Make up your mind on hybrid, it’s time to lead

It seems that many organizations are stuck in a strange limbo around hybrid working. They want people to be back in the office for 2-3 days a week but seem content to accept that they will come in when they feel like it. We risk missing the opportunity to make hybrid working a “best of both” pattern of working and letting it degrade into a mess where proximity bias and differential attention makes historic inequalities worse and undermine productivity – it’s time to step up and lead

Regular readers will know I am a strong advocate of remote working, I’ve worked from home for 30 years myself and built an organization with a strong, innovative corporate culture and good relationships on a remote first basis. To make remote first work for your organization you do need to build some new skills and capabilities, but I know that works.

I am also a hybrid optimist, for those organizations that think they need some time in the office to maintain relationships, build culture, and get things done, then hybrid seemed to offer the option of some remote working to enable flexibility and choice and some time in the office to assuage these fears.

I expected that hybrid would become a transitional form, helping many organizations wean themselves off the need for face-to-face contact and replace it with robust processes and capabilities for working remotely.

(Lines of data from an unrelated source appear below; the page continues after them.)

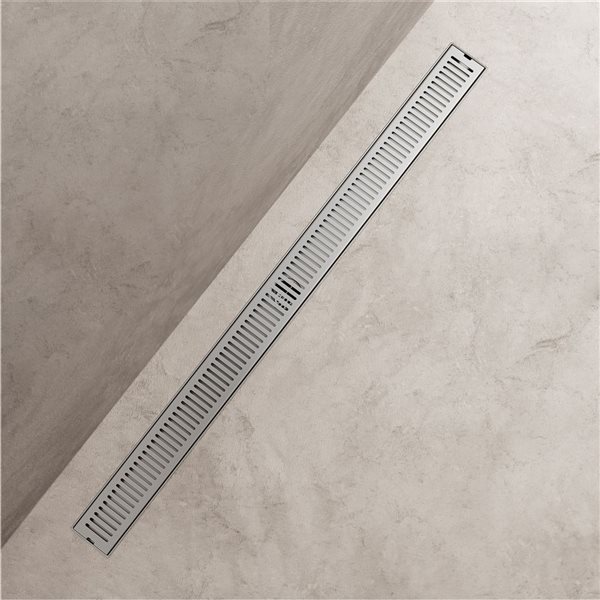 VIGO Elan&nbsp;36-in Long Linear Shower Drain with Rectangle Pattern Drain Cover - Brushed Nickel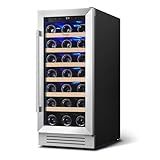 Yeego Wine Fridge Cooler - 15 Inch Wine Fridge Hold 33 Bottles, 40-65°F Wine Refrigerator Glass Door, Built in, Freestanding Under Counter Fridge for Beer Soda Drink Home Bar Office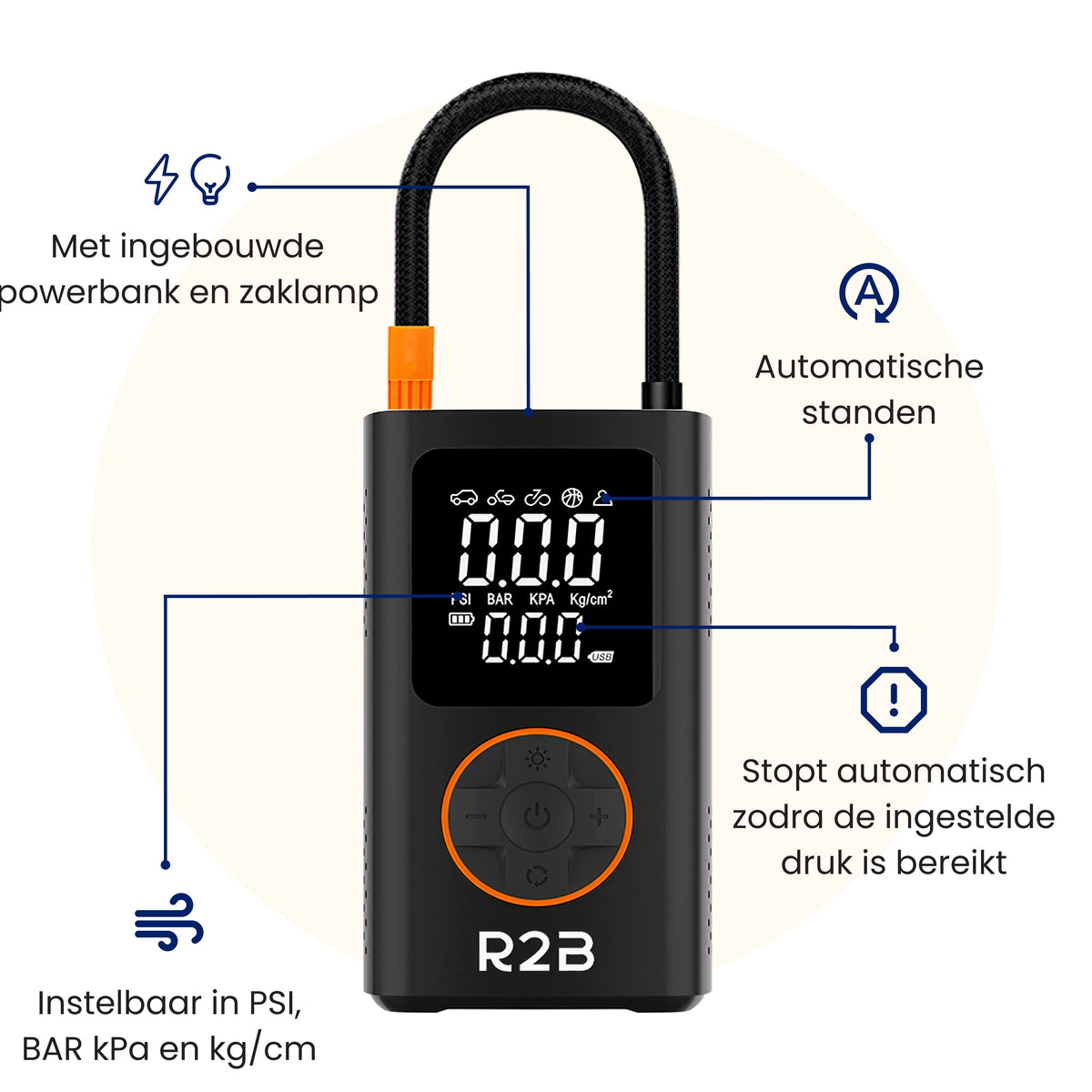 R2B Compressor Bandenpomp - Elektrisch & Oplaadbaar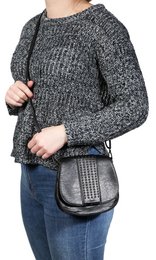 Women's handbag made of imitation leather, black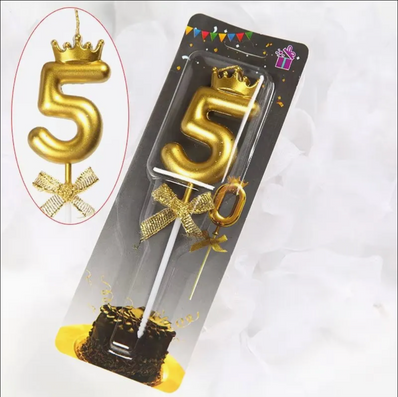 Gold & Silver Crown Numbered Candles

Instead, many organizations have announced a policy, but not put any real discipline behind implementing it. Some people are coming into the office, others are not, it varies widely by department and location, which leads to dissatisfaction from those expected to come into the office.

People who do come into the office often find it has little value if the people they need to collaborate with are not there on that day, they spend a significant proportion of their time joining virtual meetings. Senior leaders are more likely to come into the office, raising the risk of proximity bias where they overvalue the potential and contribution of the people they see more regularly.

At the same time, few organizations have built the capability to lead or collaborate in a hybrid world effectively, or to run hybrid meetings where some people are in the room and others are joining virtually. As a result, the experience of leadership, collaboration and meetings is often poor.

A smaller number of organizations have taken a more rigid approach, insisting that people come into the office and that it’s going to be (for example) Tuesday, Wednesday, and Thursday every week. Whilst we all like to have choice, we have observed that, in these organizations, things have settled down much more quickly and the experience when they are in the office is usually better..

If we continue with a laissez fair approach, we run the risk of hybrid becoming the worst of both worlds with ineffective time in the office because not enough people are there, and less effective remote working because some people are in the office with more visibility and access to senior leaders.

We have worked with several senior leadership groups to help them clarify their policies and approach and to think through how they will create and sustain an effective culture, overcome proximity bias and implement hybrid working effectively. We also work with managers to give them tools to structure a conversation with their teams about creating a sustainable pattern of work.

If we don’t focus on implementing the hybrid pattern we want, then the conversation about hybrid will meander on, people will get increasingly embedded in working from home,  and people who resist any remote working will find grounds for saying it doesn’t work and insisting on getting everyone back into the office full time. it would be a shame to lose this impetus towards flexible working.

We think it’s time now to show some leadership, communicate what you want and take steps to make sure it’s implemented, then focus on the capabilities you need to make it work.